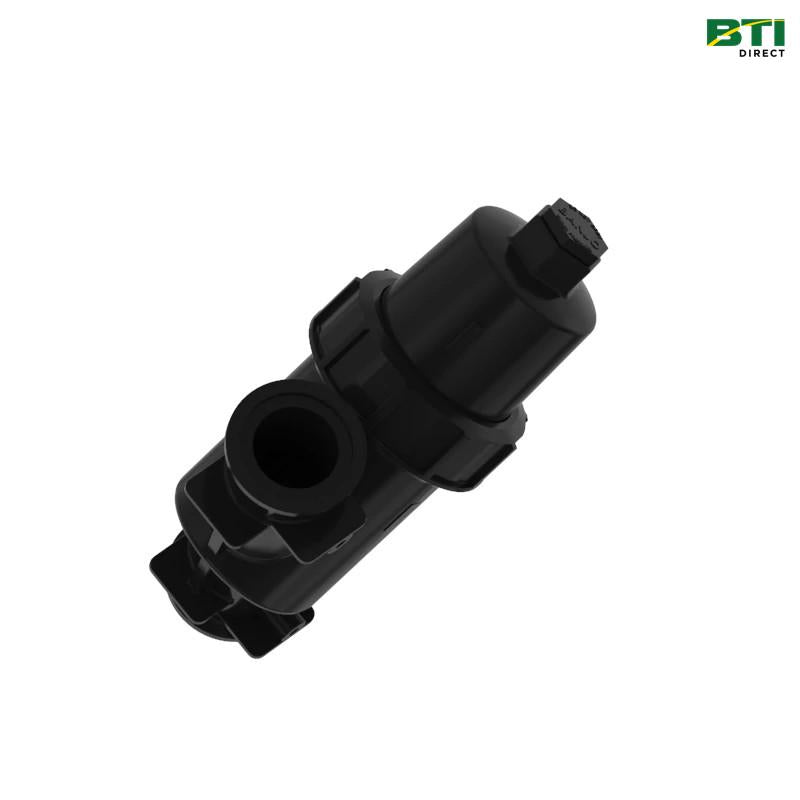 AN209118: Strainer Assembly, 50 Mesh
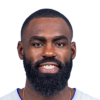 https://img.jingyuzhibol.com.cn/img/basketball/player/1cfa3d4f64bbe5e15e6bccaa03cbb16b.png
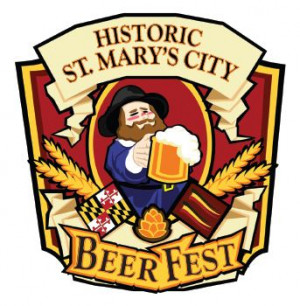 Beerfest Logo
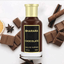 Bharara Chocolate Set 1 - 850050062530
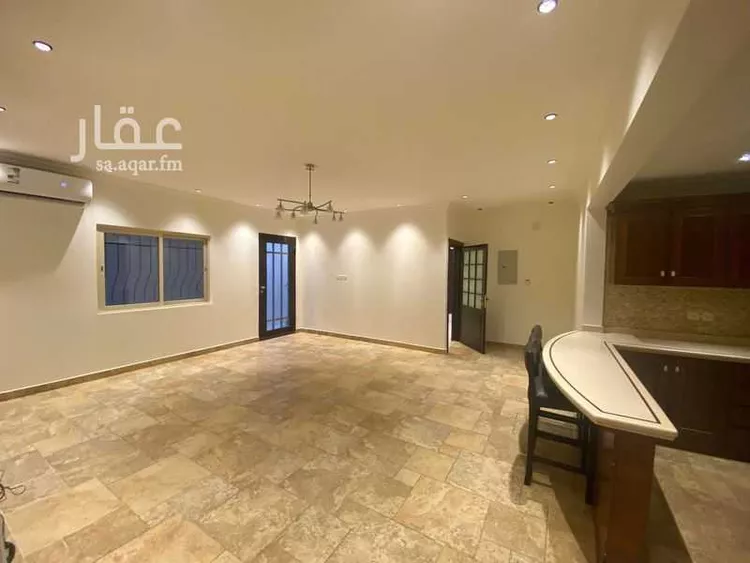 دور للإيجار في شارع مرات, حي قرطبة, مدينة الرياض, منطقة الرياض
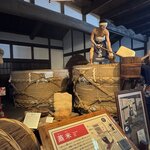 Photo taken by Mallory A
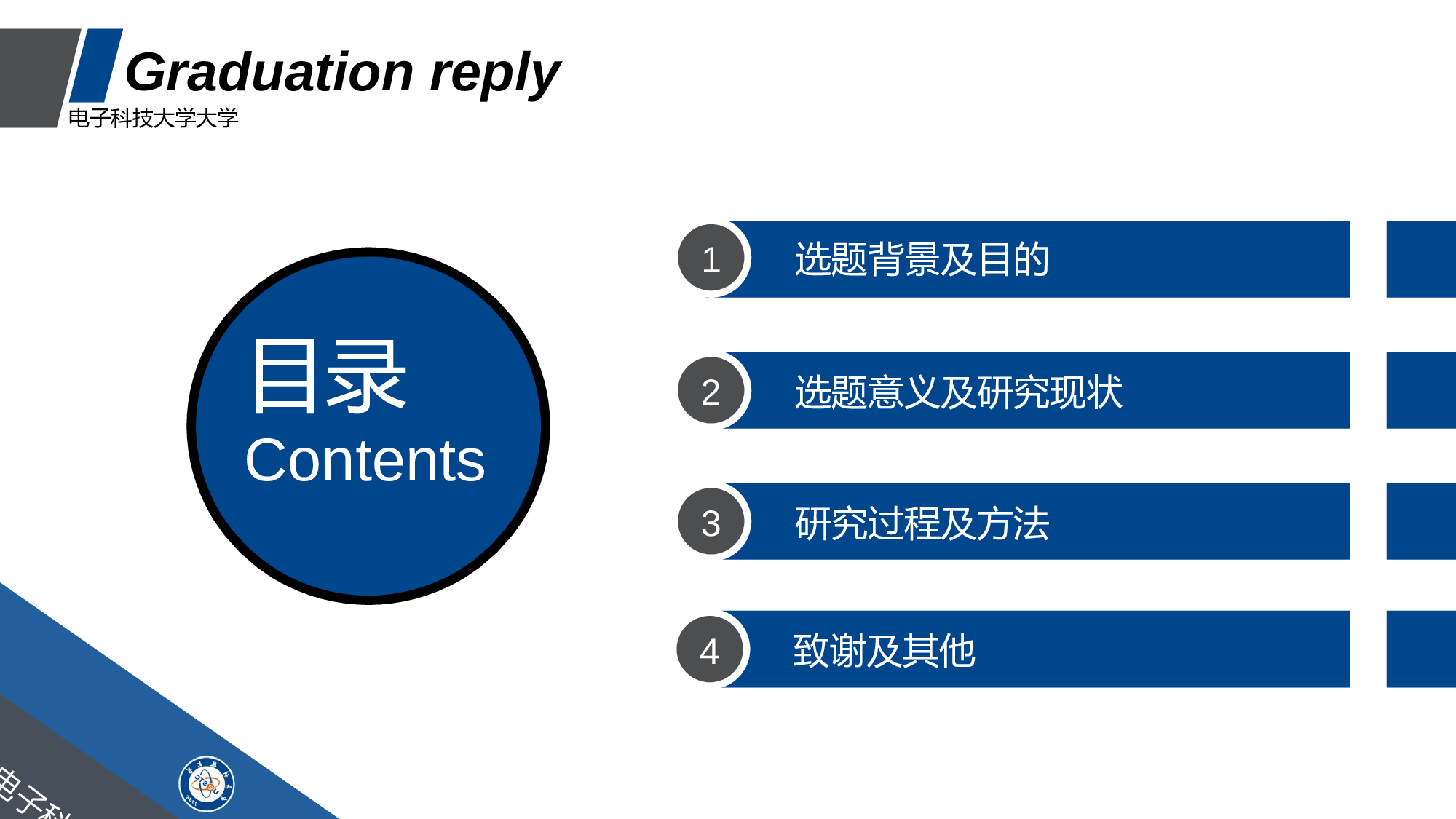 毕业答辩(39)&mdash;&mdash;锐旗设计[265].pptx 第2页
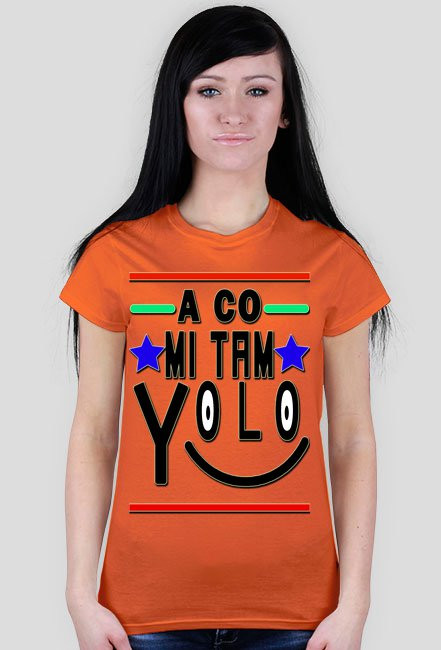 Yolo 2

***

WHAT YOU WILL DO: What is needed is an exact copy of the lines from the one containing "Beerfest Logo" through the last line of the records, with every picture left out.

ANSWER FOR THIS EXERCISE:
 Beerfest Logo
 Bharara Chocolate Set 1 - 850050062530
 دور للإيجار في شارع مرات, حي قرطبة, مدينة الرياض, منطقة الرياض
 Photo taken by Mallory A
 毕业答辩(39)&mdash;&mdash;锐旗设计[265].pptx 第2页
 Yolo 2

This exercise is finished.